* DESCRIPTION OF THE TASK:
What is wanted is every line below from the one with "The Critical Role" up to and including the one with "Portable Power Station", retyped exactly, pictures excluded, nothing else.

* RECORDS SUPPLIED:
▼
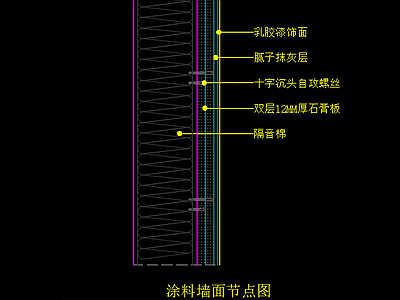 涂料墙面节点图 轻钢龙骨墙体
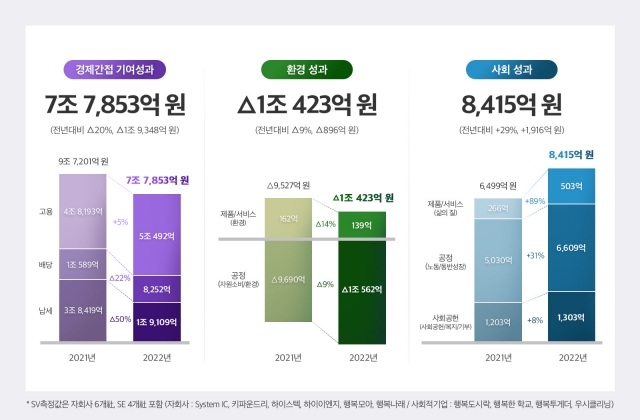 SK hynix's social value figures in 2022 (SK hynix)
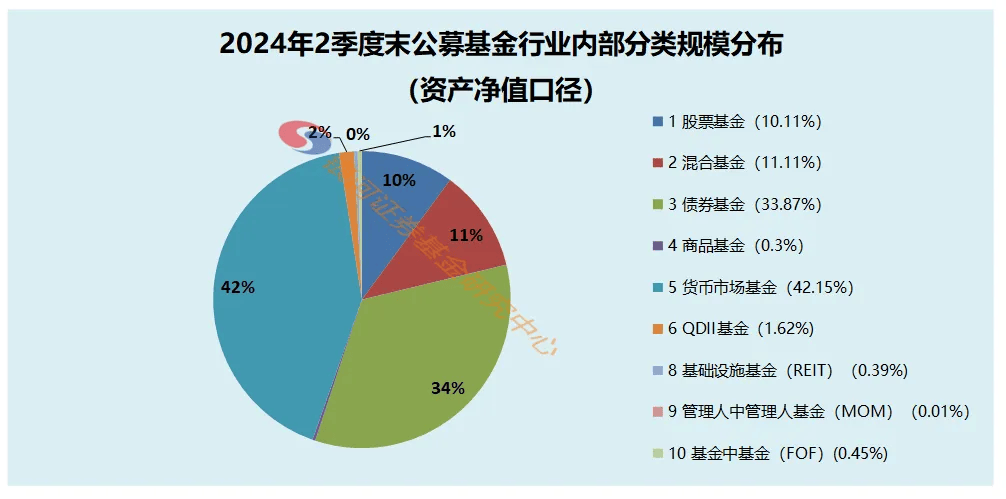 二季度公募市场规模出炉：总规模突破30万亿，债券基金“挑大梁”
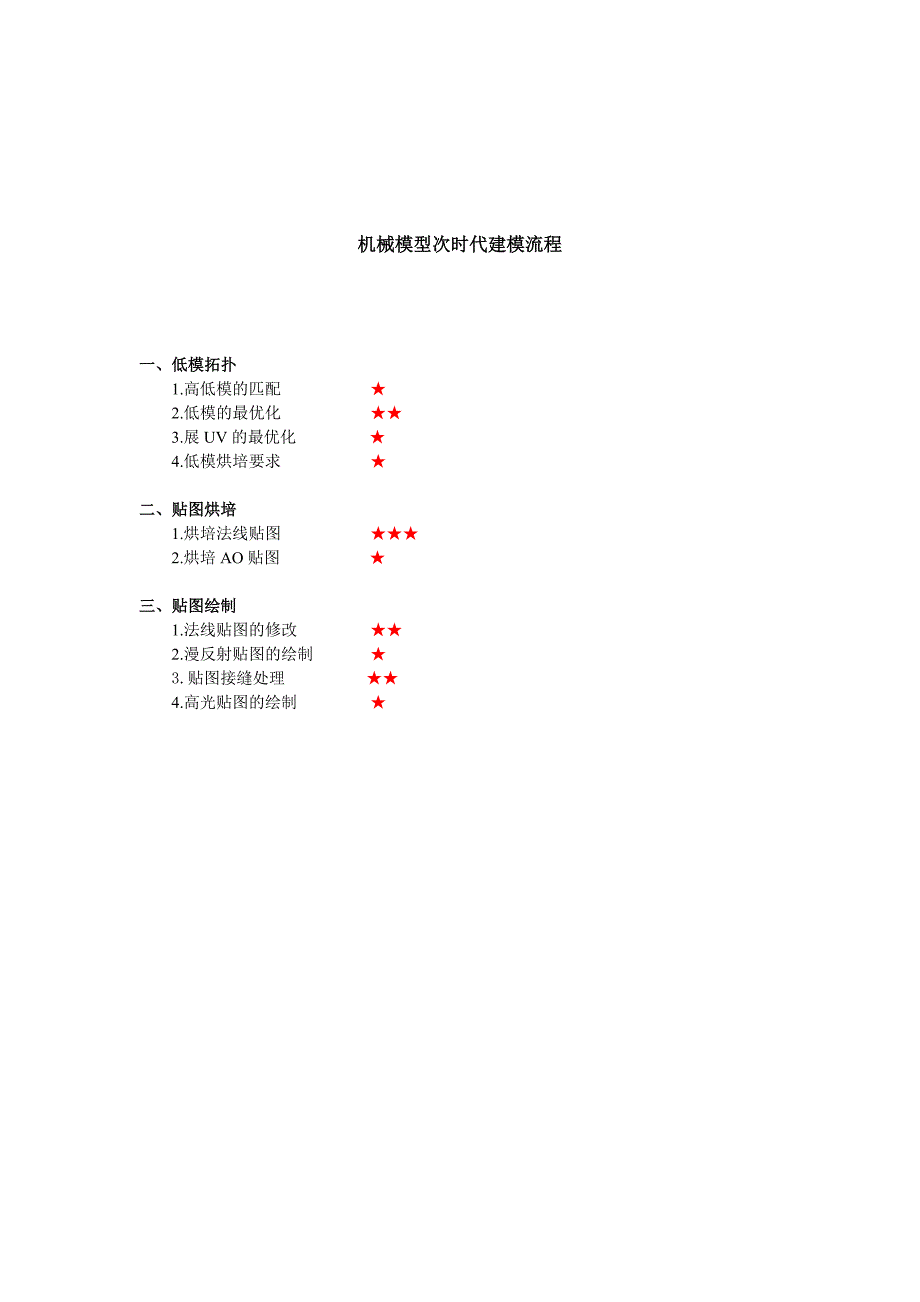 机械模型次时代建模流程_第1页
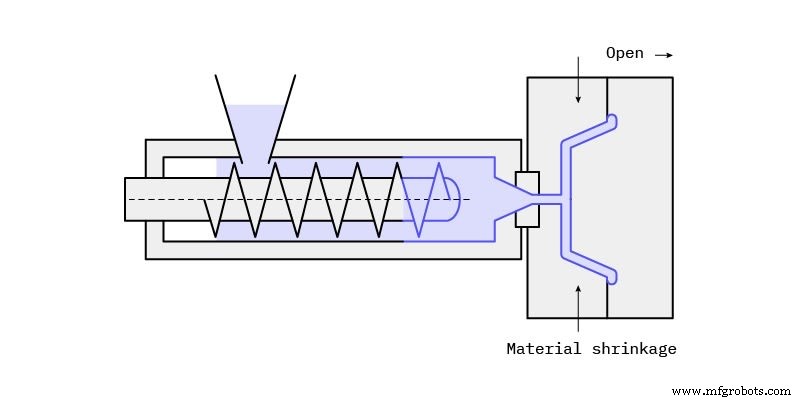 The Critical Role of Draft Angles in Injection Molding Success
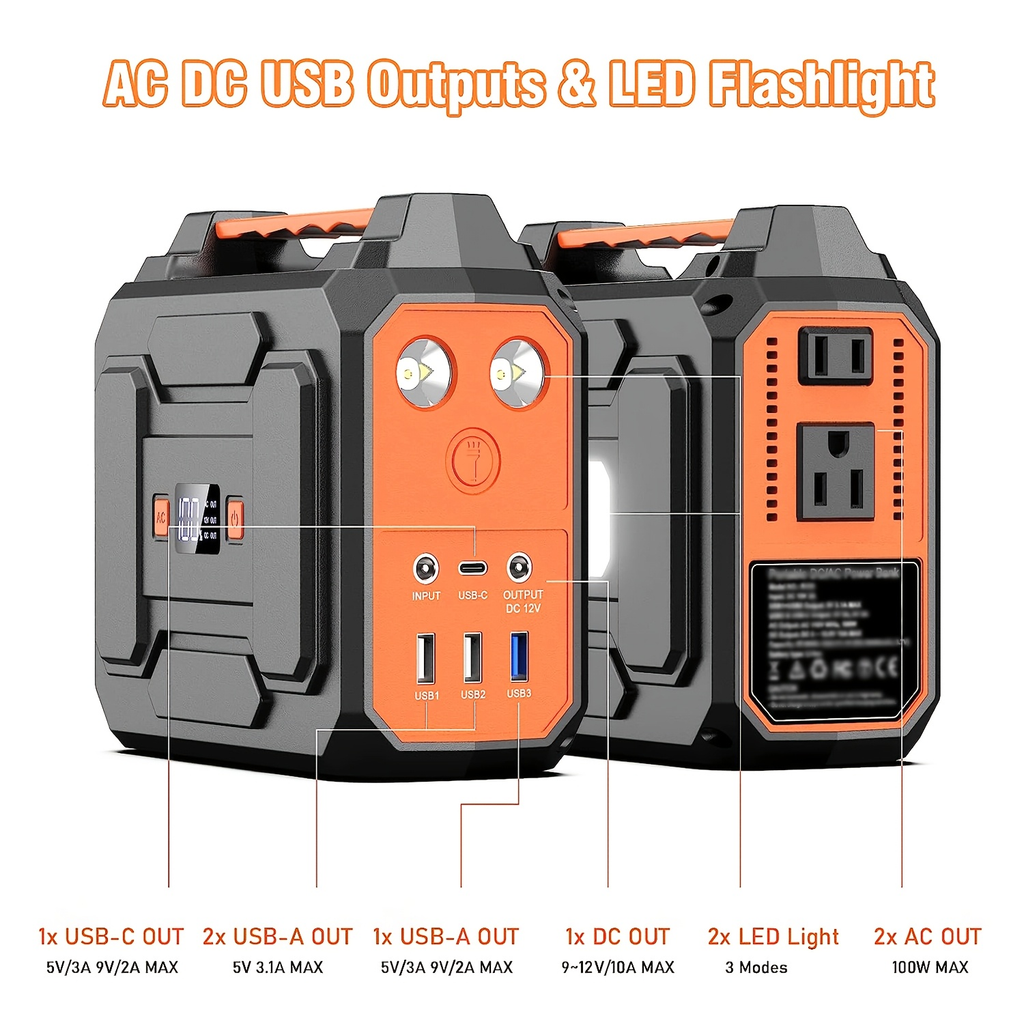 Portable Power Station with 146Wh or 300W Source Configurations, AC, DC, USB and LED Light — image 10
▲
▼
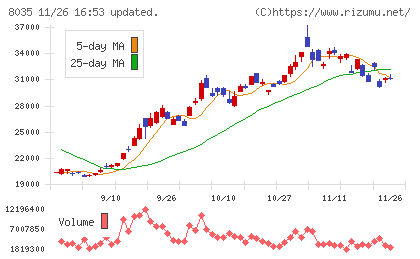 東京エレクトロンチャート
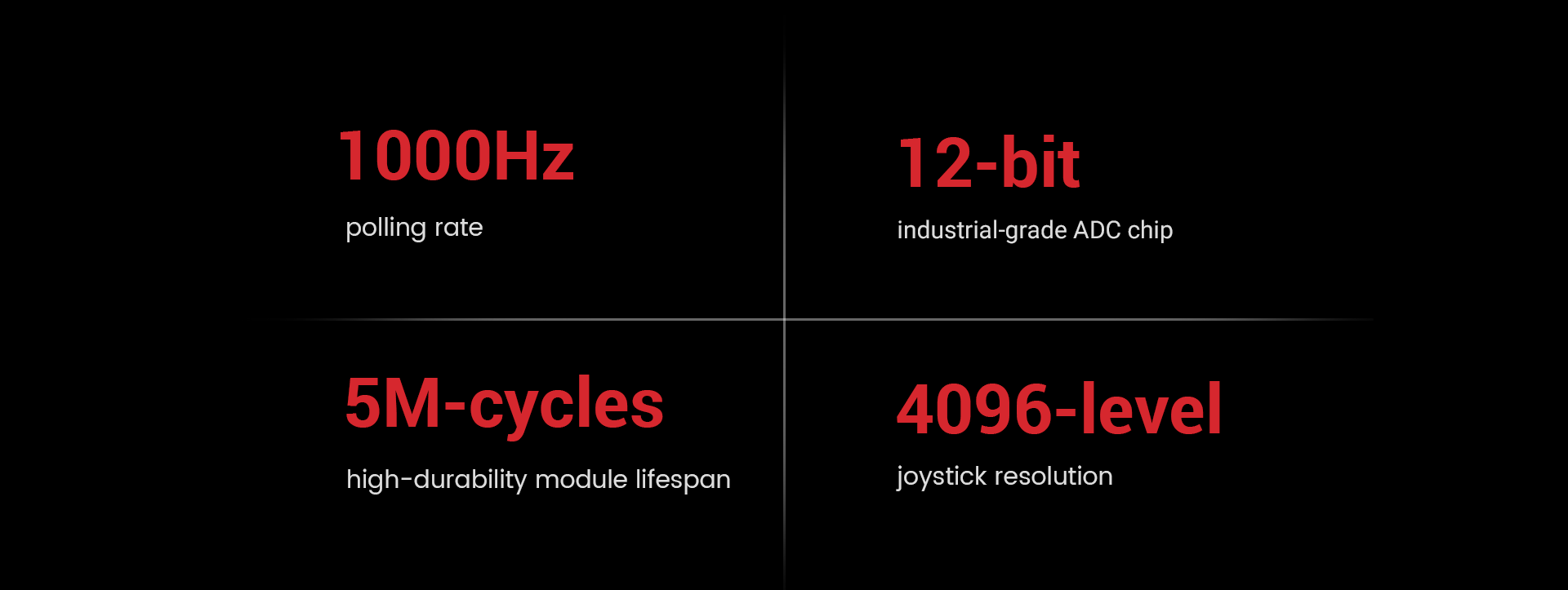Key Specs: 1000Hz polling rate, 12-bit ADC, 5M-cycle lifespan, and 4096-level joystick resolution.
▲
* RESPONSE:
 The Critical Role of Draft Angles in Injection Molding Success
 Portable Power Station with 146Wh or 300W Source Configurations, AC, DC, USB and LED Light — image 10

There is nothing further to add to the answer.